Kansas Statehouse Interior Renovation - South Wing
JE Dunn Construction Company
Architect: Treanor Architects
General Contractor: JE Dunn Construction Company
Suppliers: Kansas City Brick ; Midwest Block & Brick ; Masonry Resources Company
Owner: Kansas Statehouse Artchitect
In 1866 Kansas passed a House Bill appropriating funds for the building of a Statehouse in Topeka, KS. Construction started in 1867 with the building of the East Wing. In 1903, 37 years later, the Statehouse, which consists of a center common area and four wings, was completed. The primary building material for the foundations and structure is comprised of native Kansas limestone.
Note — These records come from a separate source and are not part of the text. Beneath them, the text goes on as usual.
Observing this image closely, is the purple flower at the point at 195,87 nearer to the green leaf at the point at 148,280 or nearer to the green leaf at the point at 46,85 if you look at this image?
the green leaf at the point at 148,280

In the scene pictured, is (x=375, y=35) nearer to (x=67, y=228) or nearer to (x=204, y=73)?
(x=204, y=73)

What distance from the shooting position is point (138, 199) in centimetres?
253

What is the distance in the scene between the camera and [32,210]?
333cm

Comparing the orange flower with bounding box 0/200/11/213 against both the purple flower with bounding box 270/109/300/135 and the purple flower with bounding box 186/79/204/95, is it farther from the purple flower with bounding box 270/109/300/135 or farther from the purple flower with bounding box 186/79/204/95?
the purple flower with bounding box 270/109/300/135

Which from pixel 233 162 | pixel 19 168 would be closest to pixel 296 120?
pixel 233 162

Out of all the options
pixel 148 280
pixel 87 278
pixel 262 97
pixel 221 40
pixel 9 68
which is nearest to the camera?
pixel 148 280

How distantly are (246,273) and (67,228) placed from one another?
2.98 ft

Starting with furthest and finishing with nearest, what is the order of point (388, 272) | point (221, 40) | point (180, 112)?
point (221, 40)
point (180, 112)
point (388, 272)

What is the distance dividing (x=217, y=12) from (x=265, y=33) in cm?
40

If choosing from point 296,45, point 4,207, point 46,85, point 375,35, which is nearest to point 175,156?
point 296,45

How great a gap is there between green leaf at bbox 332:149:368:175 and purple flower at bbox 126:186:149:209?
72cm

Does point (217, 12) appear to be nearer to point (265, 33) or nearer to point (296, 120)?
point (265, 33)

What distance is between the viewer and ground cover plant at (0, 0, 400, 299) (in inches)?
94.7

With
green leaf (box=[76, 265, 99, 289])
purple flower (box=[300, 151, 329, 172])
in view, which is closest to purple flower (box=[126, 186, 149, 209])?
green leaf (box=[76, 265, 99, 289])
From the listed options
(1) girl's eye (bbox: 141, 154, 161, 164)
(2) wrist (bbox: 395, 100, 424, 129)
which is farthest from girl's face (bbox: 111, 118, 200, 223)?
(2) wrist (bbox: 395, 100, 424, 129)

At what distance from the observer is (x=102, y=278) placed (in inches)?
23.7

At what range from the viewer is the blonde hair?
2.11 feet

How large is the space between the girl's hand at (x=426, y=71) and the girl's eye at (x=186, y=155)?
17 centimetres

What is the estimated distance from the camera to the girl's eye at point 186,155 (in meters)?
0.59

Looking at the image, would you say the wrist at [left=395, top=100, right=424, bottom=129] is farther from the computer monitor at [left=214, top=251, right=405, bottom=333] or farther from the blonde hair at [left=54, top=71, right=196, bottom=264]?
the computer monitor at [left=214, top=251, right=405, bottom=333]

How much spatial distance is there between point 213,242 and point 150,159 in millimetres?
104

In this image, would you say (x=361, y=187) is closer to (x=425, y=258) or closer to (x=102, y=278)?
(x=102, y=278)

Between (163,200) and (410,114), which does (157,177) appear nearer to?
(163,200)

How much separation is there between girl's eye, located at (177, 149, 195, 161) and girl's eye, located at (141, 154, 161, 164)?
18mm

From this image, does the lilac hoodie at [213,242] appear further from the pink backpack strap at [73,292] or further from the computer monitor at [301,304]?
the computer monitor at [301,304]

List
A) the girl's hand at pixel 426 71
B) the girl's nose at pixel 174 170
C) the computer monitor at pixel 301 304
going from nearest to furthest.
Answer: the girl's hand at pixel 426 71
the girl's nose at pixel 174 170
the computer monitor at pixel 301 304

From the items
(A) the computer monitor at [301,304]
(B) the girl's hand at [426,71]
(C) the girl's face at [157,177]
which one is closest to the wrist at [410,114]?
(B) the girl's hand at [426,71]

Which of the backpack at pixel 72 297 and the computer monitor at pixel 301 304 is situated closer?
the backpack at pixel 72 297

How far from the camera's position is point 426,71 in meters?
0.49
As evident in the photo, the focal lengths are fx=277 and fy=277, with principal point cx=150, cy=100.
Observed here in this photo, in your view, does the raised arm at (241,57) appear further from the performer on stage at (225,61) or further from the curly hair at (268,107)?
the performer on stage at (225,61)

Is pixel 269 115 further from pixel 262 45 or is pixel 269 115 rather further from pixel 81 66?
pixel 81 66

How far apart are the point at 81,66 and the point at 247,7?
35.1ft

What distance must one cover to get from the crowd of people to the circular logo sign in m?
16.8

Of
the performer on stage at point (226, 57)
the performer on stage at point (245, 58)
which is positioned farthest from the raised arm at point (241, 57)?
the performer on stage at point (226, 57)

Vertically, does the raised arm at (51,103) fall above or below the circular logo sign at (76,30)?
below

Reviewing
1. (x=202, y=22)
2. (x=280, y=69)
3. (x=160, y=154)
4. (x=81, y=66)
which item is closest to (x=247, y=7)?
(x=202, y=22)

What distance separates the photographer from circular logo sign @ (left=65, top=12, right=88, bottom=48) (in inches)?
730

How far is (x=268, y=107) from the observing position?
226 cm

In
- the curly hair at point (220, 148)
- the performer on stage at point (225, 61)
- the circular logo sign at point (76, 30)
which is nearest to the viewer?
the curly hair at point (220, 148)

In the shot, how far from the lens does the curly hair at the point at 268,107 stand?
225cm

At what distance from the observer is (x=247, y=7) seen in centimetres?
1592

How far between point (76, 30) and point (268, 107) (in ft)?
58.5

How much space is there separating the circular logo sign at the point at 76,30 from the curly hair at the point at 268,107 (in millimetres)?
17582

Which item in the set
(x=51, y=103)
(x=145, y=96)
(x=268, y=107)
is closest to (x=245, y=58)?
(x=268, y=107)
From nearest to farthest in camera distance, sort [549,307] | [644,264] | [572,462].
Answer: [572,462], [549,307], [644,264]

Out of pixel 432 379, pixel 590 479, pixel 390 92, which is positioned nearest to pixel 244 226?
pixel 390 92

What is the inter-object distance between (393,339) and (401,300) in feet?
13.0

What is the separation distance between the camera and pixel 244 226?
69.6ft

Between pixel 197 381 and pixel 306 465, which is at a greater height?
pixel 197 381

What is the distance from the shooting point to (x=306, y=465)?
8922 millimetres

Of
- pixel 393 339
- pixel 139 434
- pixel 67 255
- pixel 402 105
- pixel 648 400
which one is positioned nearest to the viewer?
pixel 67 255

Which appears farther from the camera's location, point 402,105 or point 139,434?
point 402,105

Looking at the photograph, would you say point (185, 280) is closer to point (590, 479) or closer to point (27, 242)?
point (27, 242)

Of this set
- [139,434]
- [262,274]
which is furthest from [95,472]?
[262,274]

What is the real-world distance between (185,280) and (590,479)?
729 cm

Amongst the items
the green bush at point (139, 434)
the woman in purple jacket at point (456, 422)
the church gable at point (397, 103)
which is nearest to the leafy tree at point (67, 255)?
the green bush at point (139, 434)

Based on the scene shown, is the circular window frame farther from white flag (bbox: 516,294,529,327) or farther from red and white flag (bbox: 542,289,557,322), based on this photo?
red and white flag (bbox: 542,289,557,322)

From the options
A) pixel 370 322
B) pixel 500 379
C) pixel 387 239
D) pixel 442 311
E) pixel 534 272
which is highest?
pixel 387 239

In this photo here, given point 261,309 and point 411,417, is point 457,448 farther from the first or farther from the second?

In 2000, the Capitol Restoration Commission was created with the mission to “preserve and enhance the dignity, beauty, and architectural integrity of the Statehouse and Statehouse grounds”.
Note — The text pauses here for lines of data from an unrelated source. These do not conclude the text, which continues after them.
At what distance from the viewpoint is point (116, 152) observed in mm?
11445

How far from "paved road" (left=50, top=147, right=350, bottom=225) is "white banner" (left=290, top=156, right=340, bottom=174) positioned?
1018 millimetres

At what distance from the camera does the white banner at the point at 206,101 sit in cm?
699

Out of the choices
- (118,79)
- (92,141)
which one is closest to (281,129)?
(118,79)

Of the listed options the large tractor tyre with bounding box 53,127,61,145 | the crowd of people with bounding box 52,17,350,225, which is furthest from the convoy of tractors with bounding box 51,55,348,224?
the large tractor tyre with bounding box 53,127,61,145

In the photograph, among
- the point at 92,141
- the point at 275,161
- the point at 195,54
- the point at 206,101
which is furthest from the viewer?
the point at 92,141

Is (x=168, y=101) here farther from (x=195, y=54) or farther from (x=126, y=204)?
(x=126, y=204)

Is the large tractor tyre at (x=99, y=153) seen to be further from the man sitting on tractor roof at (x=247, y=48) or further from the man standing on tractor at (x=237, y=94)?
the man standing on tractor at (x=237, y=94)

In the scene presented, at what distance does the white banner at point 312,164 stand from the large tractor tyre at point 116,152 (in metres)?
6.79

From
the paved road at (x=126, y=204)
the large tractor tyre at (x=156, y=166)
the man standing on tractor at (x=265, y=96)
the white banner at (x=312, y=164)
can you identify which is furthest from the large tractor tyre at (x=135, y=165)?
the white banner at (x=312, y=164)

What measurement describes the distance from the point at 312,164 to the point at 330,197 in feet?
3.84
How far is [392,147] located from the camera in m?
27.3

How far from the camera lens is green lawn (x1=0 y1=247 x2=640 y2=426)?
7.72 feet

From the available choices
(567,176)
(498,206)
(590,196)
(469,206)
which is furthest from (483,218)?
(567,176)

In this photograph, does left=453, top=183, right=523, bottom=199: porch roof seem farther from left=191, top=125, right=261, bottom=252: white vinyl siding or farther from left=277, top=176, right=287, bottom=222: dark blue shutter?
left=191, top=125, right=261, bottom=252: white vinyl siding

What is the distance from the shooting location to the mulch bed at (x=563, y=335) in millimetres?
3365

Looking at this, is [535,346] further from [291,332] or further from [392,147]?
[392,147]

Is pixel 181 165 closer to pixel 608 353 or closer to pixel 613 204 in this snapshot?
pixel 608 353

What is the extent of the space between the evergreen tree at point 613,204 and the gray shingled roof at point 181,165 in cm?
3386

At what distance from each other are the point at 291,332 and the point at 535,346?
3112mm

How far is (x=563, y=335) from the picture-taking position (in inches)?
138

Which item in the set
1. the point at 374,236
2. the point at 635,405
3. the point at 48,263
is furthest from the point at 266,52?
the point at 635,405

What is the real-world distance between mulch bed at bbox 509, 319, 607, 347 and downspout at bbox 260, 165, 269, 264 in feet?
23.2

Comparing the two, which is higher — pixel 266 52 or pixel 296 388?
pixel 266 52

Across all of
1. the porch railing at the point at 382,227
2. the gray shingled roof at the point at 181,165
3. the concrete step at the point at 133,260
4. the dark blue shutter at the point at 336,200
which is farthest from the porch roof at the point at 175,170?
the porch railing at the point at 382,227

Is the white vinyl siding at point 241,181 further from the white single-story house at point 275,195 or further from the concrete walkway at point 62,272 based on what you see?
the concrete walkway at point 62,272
Eight years into the remodel of the Statehouse it was time for the remodel of the South Wing. The south was completed in the winter of 2009. In the remodel project, the major masonry restoration occurred on the basement level where the goal was to remove the existing mechanical equipment to a newly constructed mechanical vault and create office space. To create this modern office space in a basement area designed in 1867, the entire concrete floor was removed. Two feet of subgrade was excavated and a new floor was constructed. The lowering of the floor exposed 2’ of limestone foundation walls which had to be faced, then all mortar joints were removed to a depth of one-half as deep as the joint width, and then tuckpointed. Over 20,000 sq ft of wall was repaired and tuckpointed to achieve an exposed finished limestone wall condition. In addition, numerous new openings were cut through the 3’to 4’ walls to provide openings to the new offices. At each opening, the limestone jambs were rebuilt and/or dressed to achieve the same finished limestone condition. In addition to the major wall restoration, the original brick vaulted ceilings were restored to an exposed finished condition by sounding each brick and then removing and replacing defective masonry areas with new brick and mortar. Numerous MEP penetrations were also repaired or infilled as required. Finally, new brick seats, windowsills, and door headers were installed to add to the aesthetic appeal of the new office space.
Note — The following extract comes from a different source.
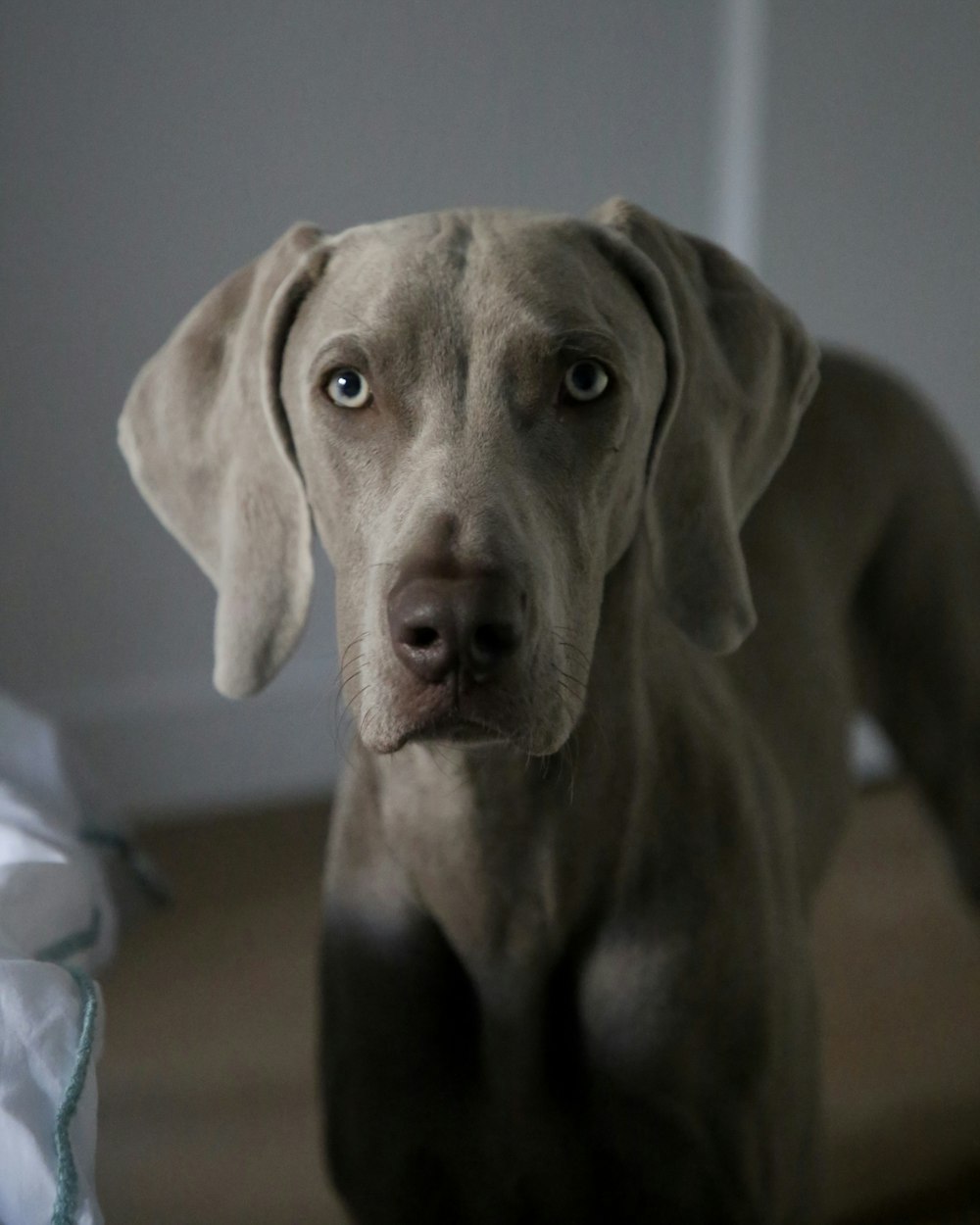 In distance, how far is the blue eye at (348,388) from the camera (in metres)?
1.09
The masonry renovation of the South Wing took over one year to complete and over 6,600 man hours. Though most of the job conditions were less than ideal, the professional approach of the project team and the outstanding craftsmanship of the masonry crew combined to create a space that can be efficiently utilized by the State of Kansas for the next 100 years. All team members were proud to take part in this project.